Le Journal du Real
·19 avril 2025
Le Real Madrid, un orchestre sans chef depuis le départ de Kroos

Le Journal du Real
·19 avril 2025
Quand Toni Kroos a quitté le Real Madrid, il l’a fait à sa manière. Sans grand discours, sans pathos, mais avec élégance. Une sortie par la grande porte, une Ligue des champions en poche, des enfants au bord du terrain et cette image d’un homme qui quitte la scène sans l’avoir ternie. Pourtant, son départ a laissé un vide. Pas seulement émotionnel. Un vide stratégique, visible, presque palpable. Le Real Madrid pensait pouvoir tourner la page en regardant vers demain, mais le football, lui, ne tourne pas si vite.
Dans les couloirs du Bernabéu, on avait tout prévu. L’avenir était entre les mains de Valverde, Tchouaméni et Camavinga. Trois profils puissants, modernes, capables de couvrir des kilomètres et de faire du bruit dans un football devenu frénétique. Mais à trop miser sur le volume, le Real Madrid a oublié la nuance. Celle qu’apportait Kroos, capable de ralentir un match, de poser le tempo, de contrôler les battements d’un match comme on règle un métronome.
Le problème, ce n’est pas le talent. Individuellement, les trois milieux ont de quoi briller dans n’importe quel club européen. Mais aucun ne possède ce sens du jeu, cette capacité à organiser, à éclairer. Valverde a gardé le numéro 8, mais pas l’essence. Camavinga et Tchouaméni ont été perturbés par les blessures et les repositionnements. Et dans les mauvais soirs, nombreux cette saison, la question est revenue : qui commande au milieu ? Qui pense le jeu ? Qui donne le calme dans la tempête ?
Le souci est aussi philosophique d’après Relevo. Florentino Pérez voulait une équipe plus physique, plus directe, presque brutale dans l’intensité.

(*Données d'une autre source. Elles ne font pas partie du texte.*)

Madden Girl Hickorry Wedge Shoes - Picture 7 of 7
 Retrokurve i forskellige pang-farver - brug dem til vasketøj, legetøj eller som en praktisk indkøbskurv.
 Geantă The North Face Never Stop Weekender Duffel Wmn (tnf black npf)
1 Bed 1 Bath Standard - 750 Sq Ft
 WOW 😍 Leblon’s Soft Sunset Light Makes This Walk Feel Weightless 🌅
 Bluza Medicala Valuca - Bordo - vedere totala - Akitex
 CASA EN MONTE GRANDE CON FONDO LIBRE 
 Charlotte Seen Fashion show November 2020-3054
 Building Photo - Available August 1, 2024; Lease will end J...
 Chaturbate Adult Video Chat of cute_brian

Mais il a confié cette partition à un chef d’orchestre qui ne parle pas ce langage. Ancelotti, ancien milieu des années 80, ne croit pas au tout-puissant pressing. Il croit au contrôle, à la régulation, à l’ordre. Lui donner un milieu sans régisseur, c’était comme demander à un pianiste classique de diriger un groupe de rock sans partition.
Alors Madrid s’est cherché. Dani Ceballos, parfois évoqué comme l’héritier, n’a jamais pleinement convaincu. Modric, lui, reste une légende, mais en version réduite. Et même dans les scénarios les plus fous, Arda Güler ou Nico Paz n’ont jamais semblé être une réponse crédible pour cette zone. La rupture entre les idées de la direction et les besoins de l’entraîneur s’est creusée au fil des semaines. Jusqu’à ce que l’élimination européenne vienne sanctionner cette désunion.
Le Real Madrid voulait prouver qu’il pouvait vivre sans Toni Kroos. Il a surtout montré à quel point ce genre de joueur est irremplaçable. Non pas pour ses statistiques, mais pour sa lecture du jeu. Pour sa capacité à faire simple dans un football devenu trop complexe. Pour le lien invisible qu’il créait entre la défense et l’attaque. Kroos est parti au bon moment, mais peut-être que le club, lui, s’est trompé de timing.